Especially when you consider that the Pixel line is the only place on Android where you get a guarantee of near-instant operating system and security updates for a full three years from a phone's launch well, it's easy to see how a $700 phone like the Pixel 5 could resonate with professionals and anyone else interested in an optimal Android experience.
All of that being said, the shift we're seeing with the Pixel 5 isn't entirely rainbows and roses.
The thorny side of Google's Pixel backtrack
The downside is what we're losing in the process. And I'm not talking about the higher-end processor or the previously-present shiny glass exterior; I'm talking about the ambitious and intensely promise-packed technology Google bundled into its high-end handsets, such as a system that debuted with the Pixel 4 last year and is now being abandoned.
That system was originally known as Project Soli and eventually branded as Motion Sense in the Pixel 4. It was a radar-based chip system that allowed the phone to sense even the tiniest hand movements and respond accordingly. It was some seriously sci-fi-level stuff and something that seemed ripe with potential.
In practice, it mostly failed to win us over. The Pixel's implementation of Soli radar basically boiled down to a handful of limited and often inconsistent gestures for controlling audio playback and silencing sounds. Google assured us that was just the start that just "as Pixels get better over time," in the company's words, "Motion Sense [would] evolve as well." Google wanted to give us all time to get used to this new manner of interacting with our devices, the thinking went, and it'd expand the system's unique "language" and capabilities as time moved on.

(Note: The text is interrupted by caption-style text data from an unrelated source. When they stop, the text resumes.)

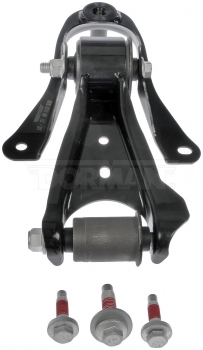 Suspension Control Arm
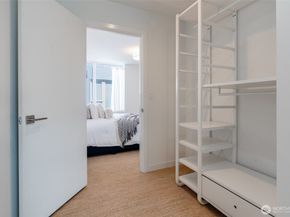 833 S Cloverdale Street A, Seattle WA 98108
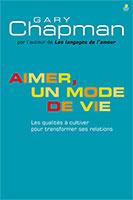9782863143858, amour, relations, gary chapman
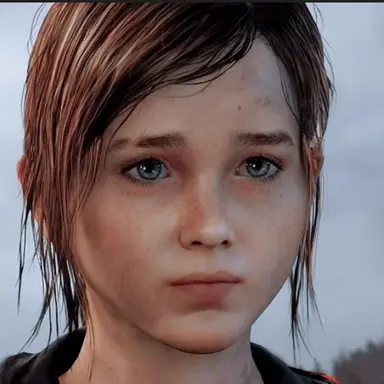 Profile image of Ellie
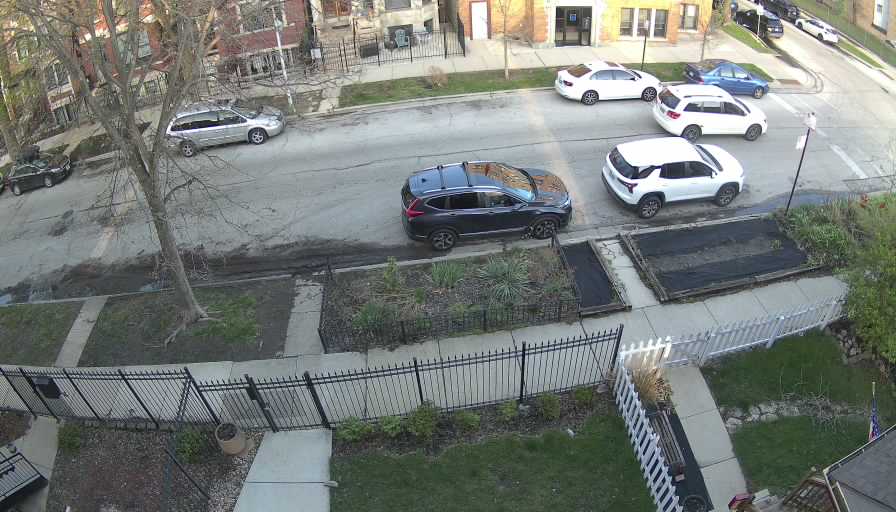 Reolink Camera Two_01_Reolink Home Hub One_20260416181841.jpg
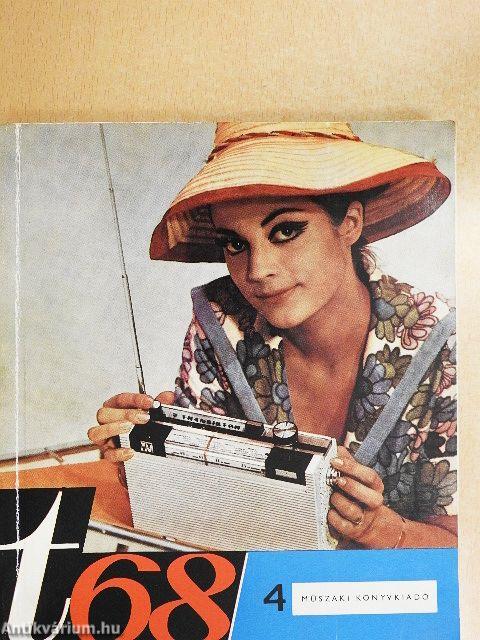 Technikai érdekességek a világ minden tájáról - 68/4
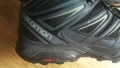 SALOMON X ULTRA GORE-TEX Boots размер EUR 43 1/3 обувки водонепромокаеми - 2724, снимка 5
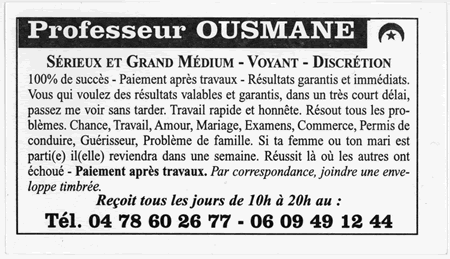 ousmane6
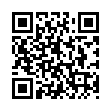 QR kód na túto stránku ubla.oma.sk prevadzkuje kst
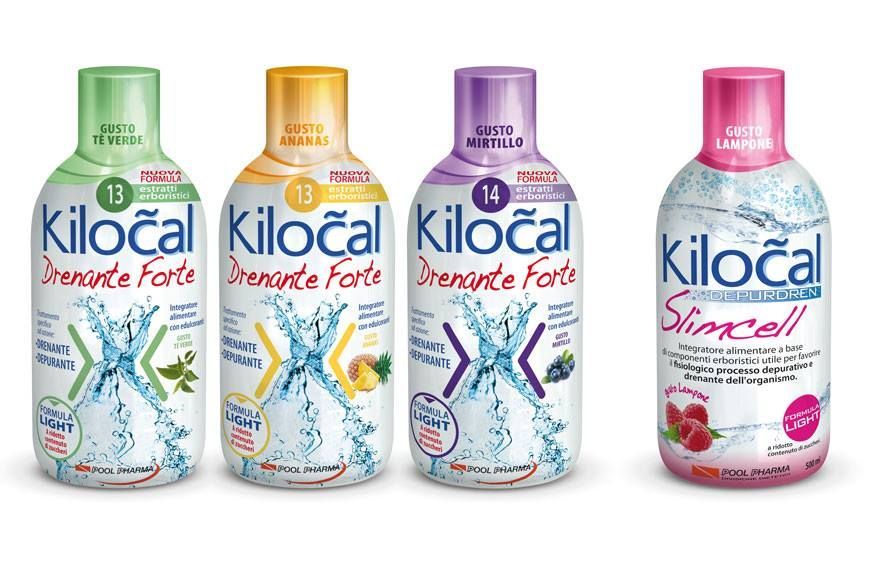 FARMACIA CENTRALE DI MEDINA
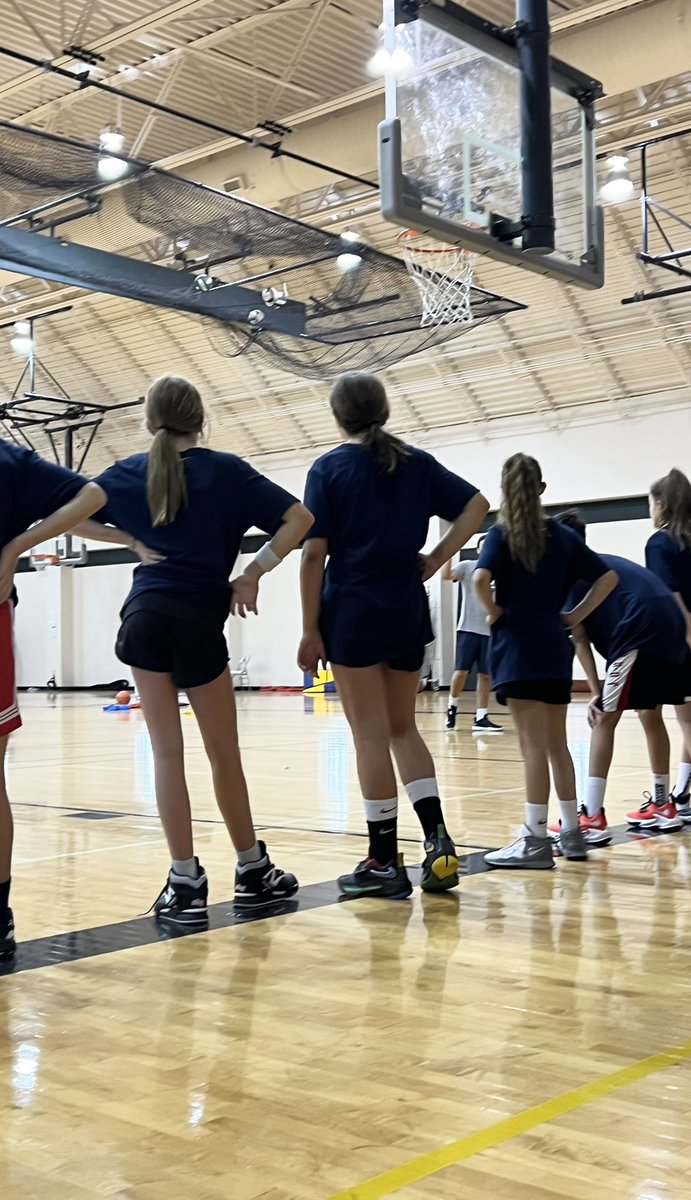 Saylor Jensen tweet media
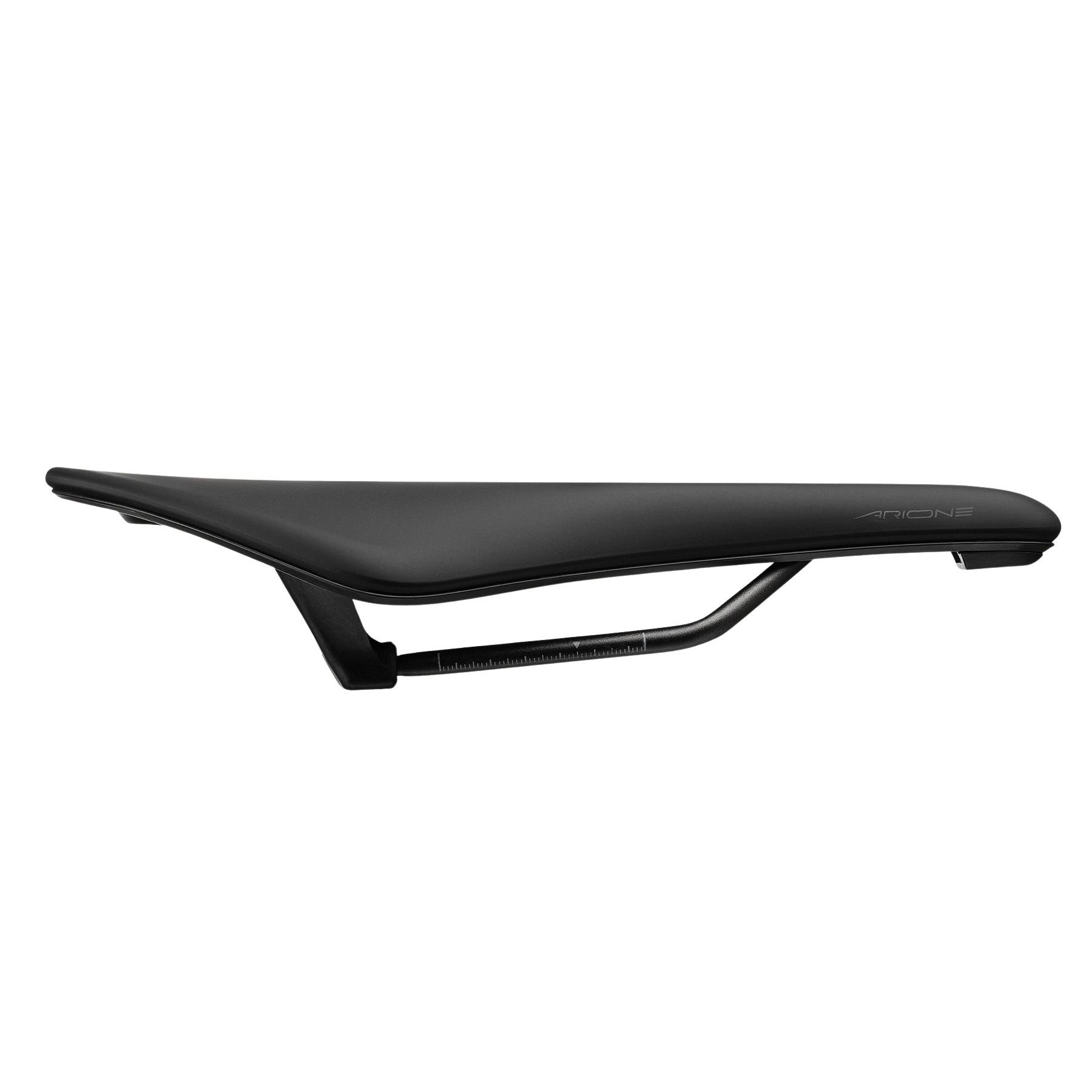 Arione R3 Saddle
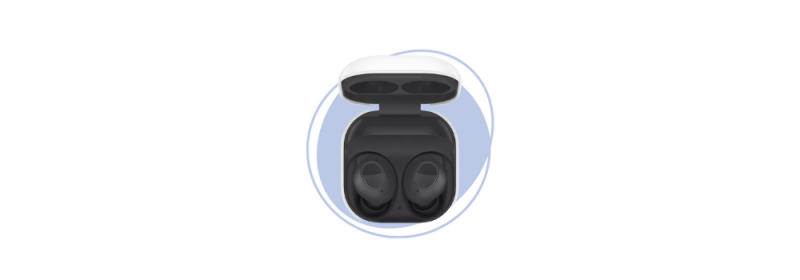 Samsung Galaxy Buds FE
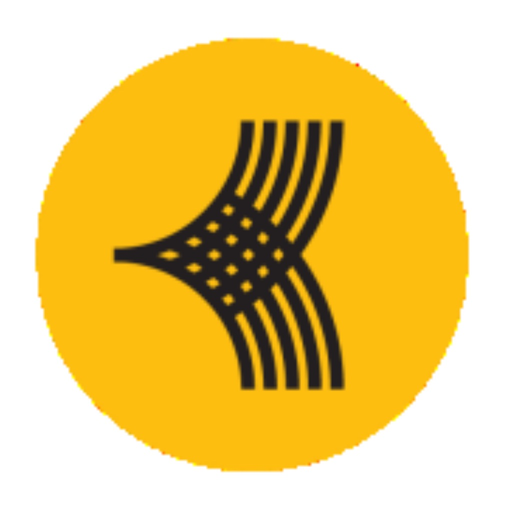Kofluence Influencer Platform app icon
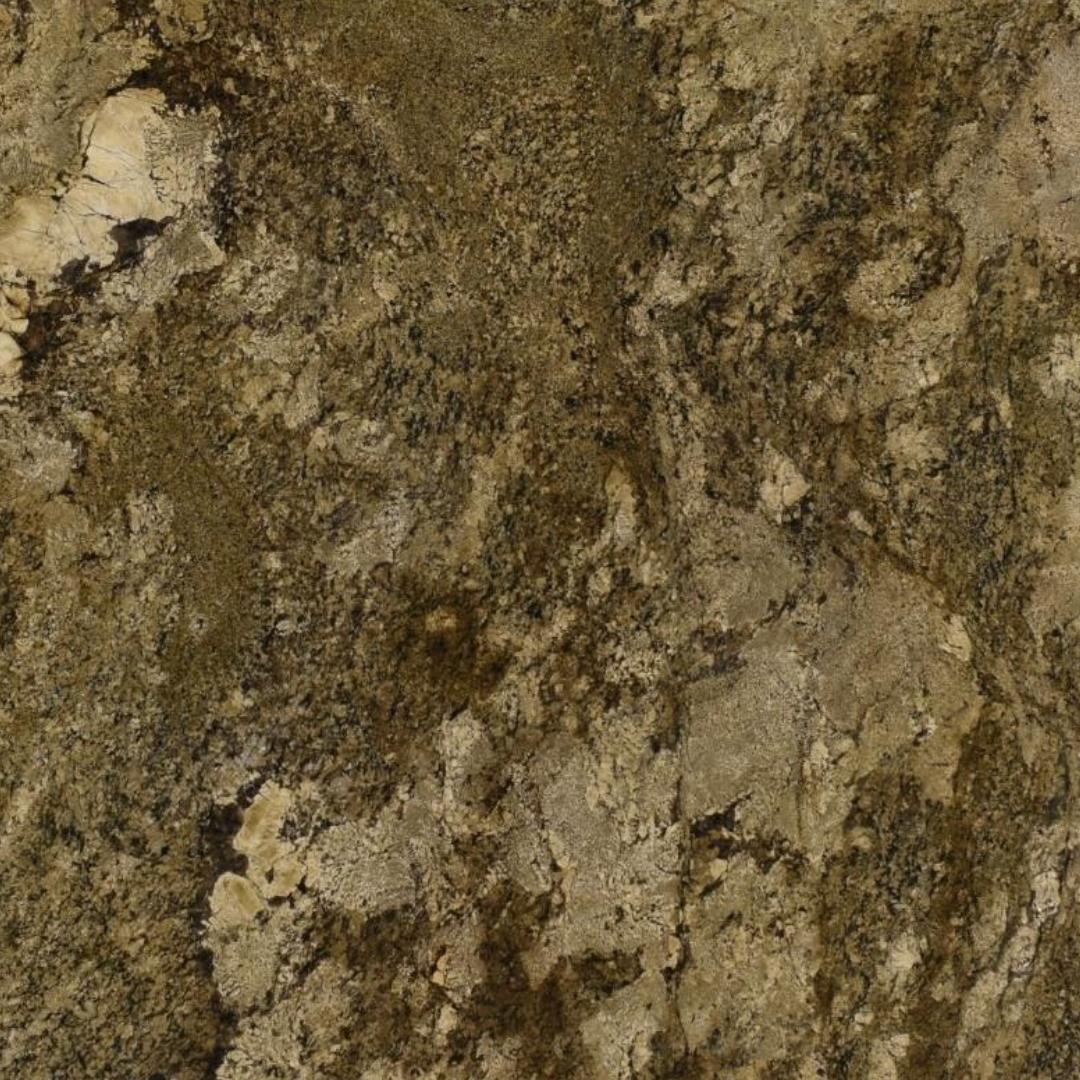 PERSA Granite Polished Slab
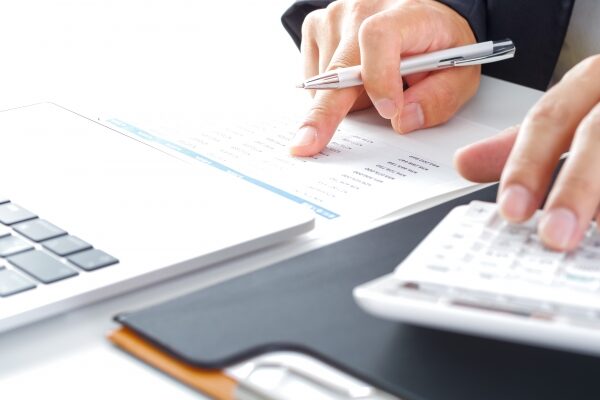 臨機応変な対応！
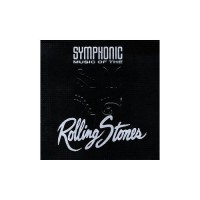 Purchase The Rolling Stones - London Symphony Orchestra - Symphonic Music of the Rolling Stones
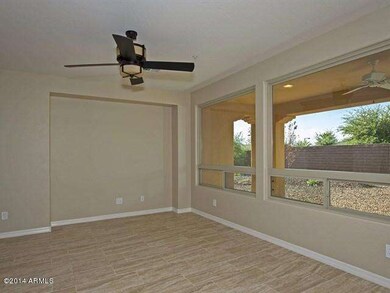 010_Great Room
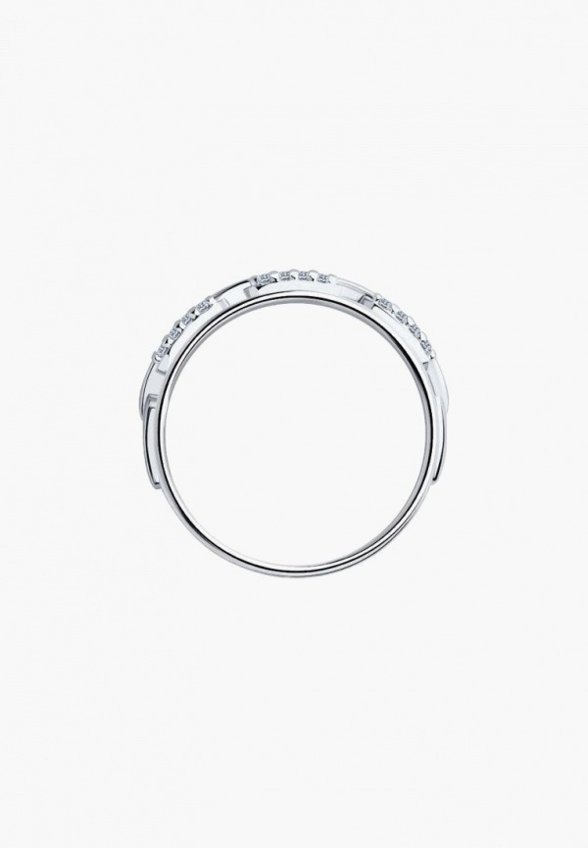 Кольцо Sokolov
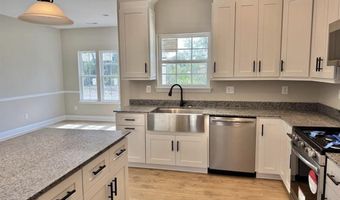 3 Old Friar Rd, Aiken, SC 29801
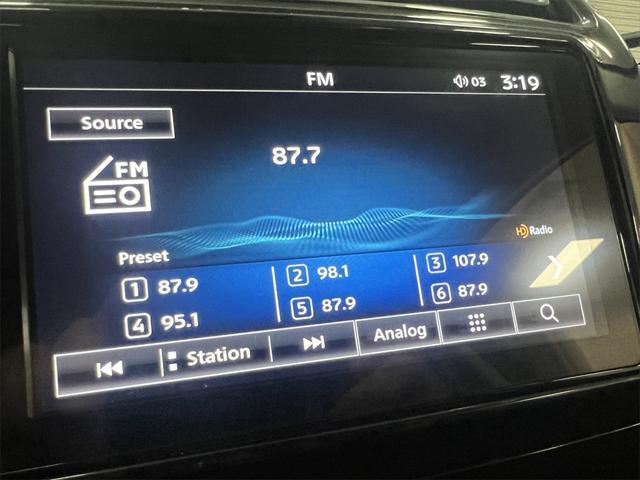 used 2021 Mitsubishi Mirage car, priced at $10,394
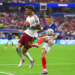Lucas Digne lên tiếng sau thất bại trước người Tây Ban Nha lucas digne mac loi tai hai khien phap bi thung luoi 1607234747.png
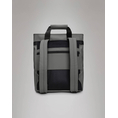 Product RAINS Texel Tote Backpack W3 (Dimensions: 32 x 43 x 12.5cm) thumbnail image
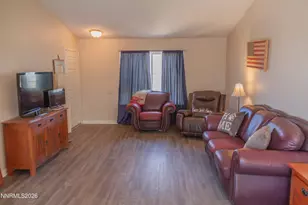 1385 Cooney Dr, Silver Springs, NV 89429 - Photo 5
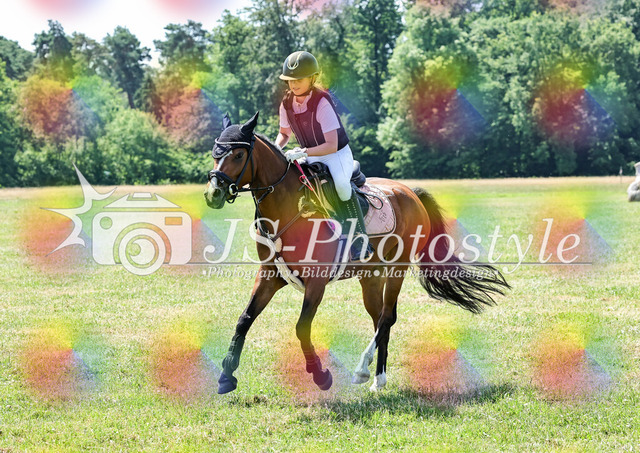 20260628_2_Geländereiter-WB-36 | JS-Photostyle - Sport-/Portrait- & Eventfotografie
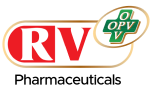 rv group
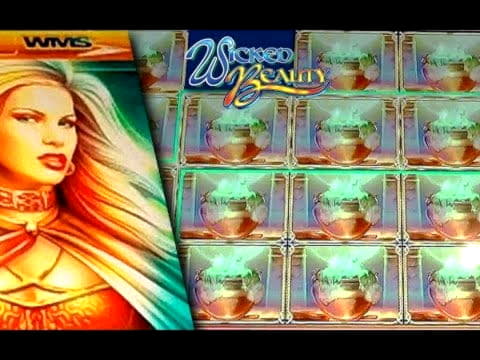 €640 Free Money at 7 Reels Casino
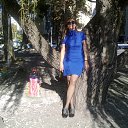 ���� �����, ���������, 52 ���� - ��������� 9 ������ 2015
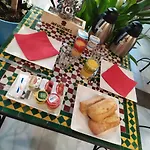 Casa de Federico Boutique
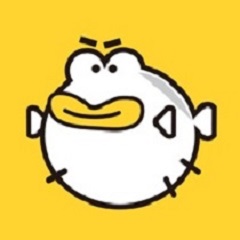叨鱼手机版 v9.5.4最新版本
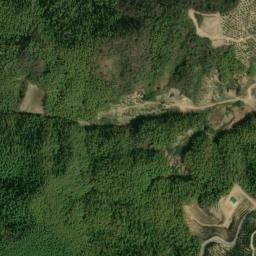 Satellite imagery of Wulu Jian, CN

And yet, here we are. One year later, and the system's barely evolved from its original form the knowledge that we'll never know what could have come from this system, had it been given the time and the resources it needed to mature. It's a classic Google about-face, as I put it earlier this year yet another one of the company's many moments of having some inspired idea, breathlessly convincing us of its value, and then changing direction and moving on instead of nourishing the notion and allowing it to develop.
On a more immediate and practical level, it also seems to mark the end of the merely one-year-old secure face unlock feature for Google's Android phones — another shame, as the system worked incredibly well, added valuable security into the Pixel proposition, and (as I can attest to from personal experience) was one of those things you wouldn't want to give up once you'd grown accustomed to its convenience.
And all of that, of course, is but one example. Google execs have previously pointed out that high-end phones are critical for "driv[ing] computing forward" and achieving innovation, given the opportunities they allow for complex and costly Soli-style leaps. How many other new, interesting, and potentially transformative technologies won't ever make their way to the surface without a proper vehicle to support them?
In the grand scheme of things, maybe losing these luxury-level elements in order to create a more affordable Pixel phone is a price Google has to pay if it wants to turn its homemade phone program into a sustainable business. It makes sense on one level, even if it is disappointing on another. The true test, though, is to see if this latest strategy is one Google actually sticks with or if we find ourselves thinking about yet another "Google phone" pivot by this time next year.